BETHLEHEM, PA - Taking a long, hard look at yourself is therapeutic for some, difficult for others, and inspiring for many. But here at “The Last Picture Show” in Bethlehem, Pennsylvania, seeing how others express themselves helps all know each other better.
“I was asked by Richard Redd, the late Richard Redd, who was a professor of art of Lehigh University--he had originated the concept in 2011, he came up with the idea of seeing what it would be like to mix artists and non-artists” explains Bethlehem Fine Arts Commission’s Vince Gentilcore, “and see what they would come up with in a self-portrait.”
The Bethlehem Fine Arts Commission’s self-portrait exhibition returned this summer to highlight 40 locals who are not traditionally recognized for their roles as artists. Alan Meyerson is a professional musician from Macungie who worked as a musical instrument repairman for 40 years. Today, his saxophone self-portrait is being displayed right next to his wife Jaqueline’s artwork at the Bethlehem town hall rotunda.

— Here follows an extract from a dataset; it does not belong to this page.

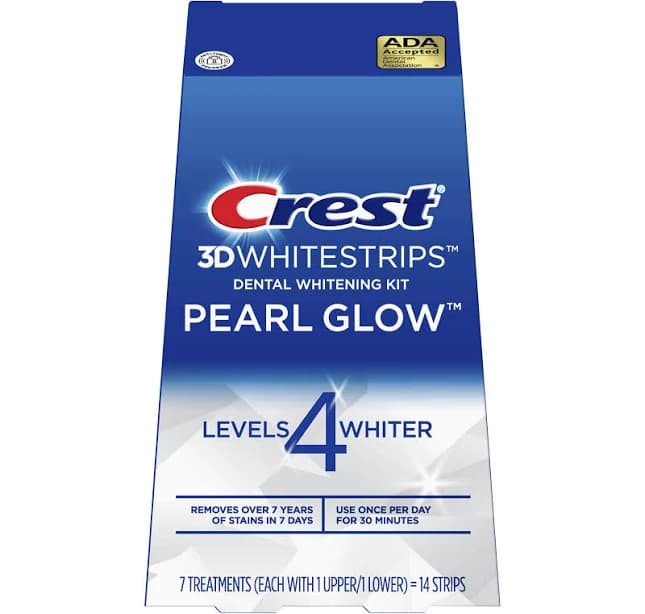 Crest 3D Whitestrips Dental Whitening Kit Pearl Glow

“I sort of took this broken old saxophone without it there was no keys or anything on this thing, and I took apart some other broken saxophones and took all the pieces off and just sort of thought this would look good here, this would look good there,” Meyerson explains, “The keys are flying off the instrument; this represents what I am trying to do with my fingers when I am playing the instrument. So that’s the piece and the representation of the piece.”
With participants coming from all types of professional fields; from music and education to business and nonprofit leadership, these citizen artists are proving art is for everyone.

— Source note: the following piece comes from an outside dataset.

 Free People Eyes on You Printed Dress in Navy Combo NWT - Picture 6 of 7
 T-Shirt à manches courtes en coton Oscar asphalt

“The Bethlehem Fine Arts Commission does a great job presenting this exhibition. This is the fifth show that they’ve had that showcases portrait work from artists and non-artists and how they see themselves and what the differences are and how creative everyone can be,” says Jacqueline Meyerson, “and I think it’s a great opportunity to show the public that anyone can do art regardless of whether they are talented as an artist or not.”
And just as diverse as their backgrounds, are their medium. Featured artists have utilized painting, collaging, sculptures, mosaic, jewelry and photography to define their personal identities through art. The resemblance of Former Morning Call Columnist, Bill White’s self portrait is uncanny and unmistakably a creation of his life and career.

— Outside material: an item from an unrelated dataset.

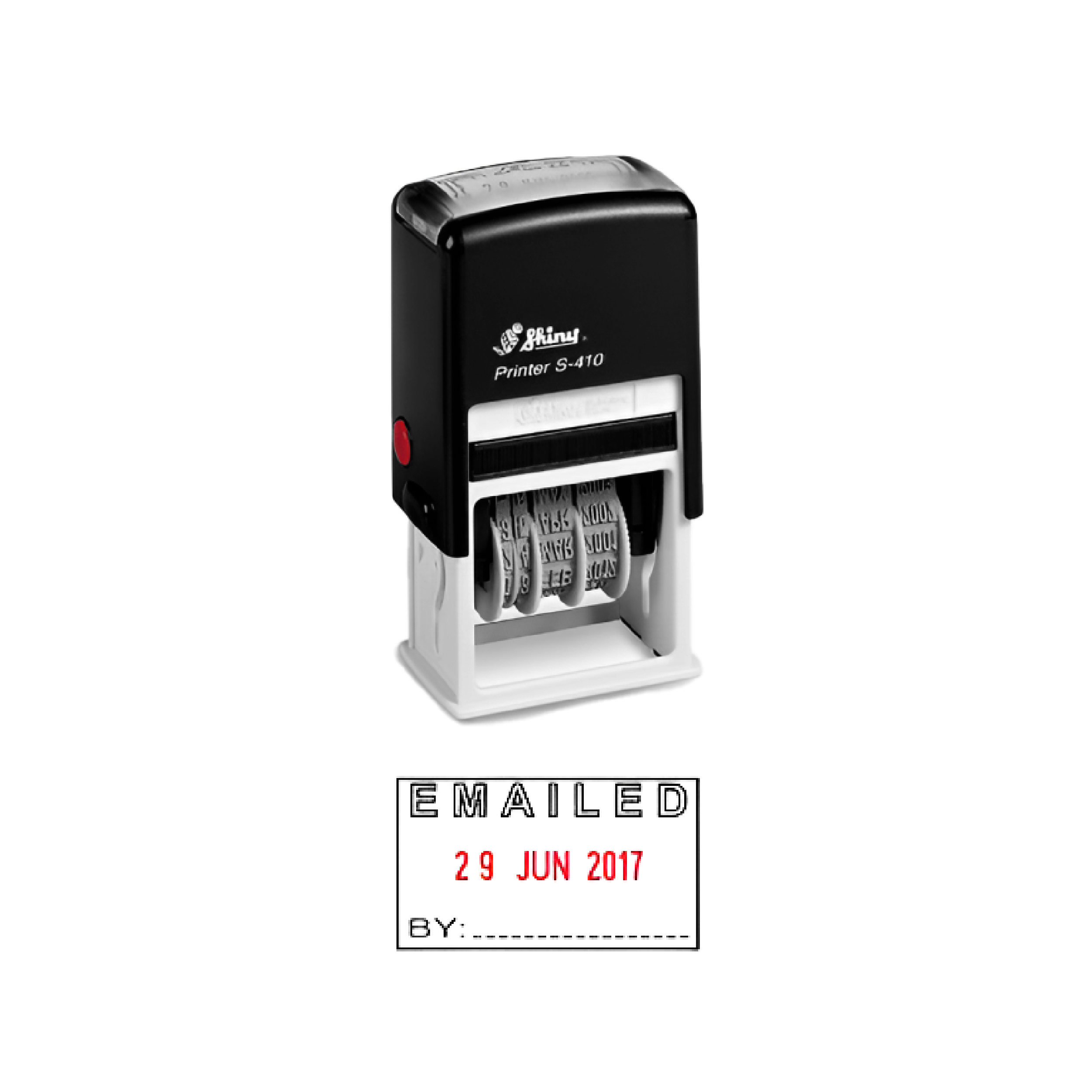 Shiny Self-Inking Date Stamp, EMAILED (S-410)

“This represents, the Eating My Way Through MusikFest, for better or worse, is probably the thing that I’m best known for as a columnist. But I did a lot of other stuff as well. So there are some eating related things, but also some things that represent other parts of my job as a columnist,” White explains, “One of the great things about this is the crazy variety in formats people use to represent themselves but to me it was just an honor to be asked to be apart of this group with these other folks and to say hey you’re part of the community, someone might like to see your portrait of yourself.”
And in the age of the social media selfie, these locals are using their own materials to define themselves and share those identities with their neighbors. For Bethlehem resident Barbara Kozero, the symbolism behind the broken mirror used in her self portrait proved to be a common thread that tied together several local artists featured here and those audience members staring back.
“Well you think of a mirror, you look in a mirror and you see who you are and the idea behind breaking it up was to shatter that illusion that it’s facets of many things coming together, there’s no one particular image that is me,” Kozero says, “and to tell you the truth, Dick Begbie, next to me also came up with the shattered image so--which is very serendipitous.”
To jump on your last chance to gaze at “The Last Picture Show,” head to the Bethlehem Town hall Rotunda Gallery this week. It’s open 830AM to 430PM through Friday, August 9th.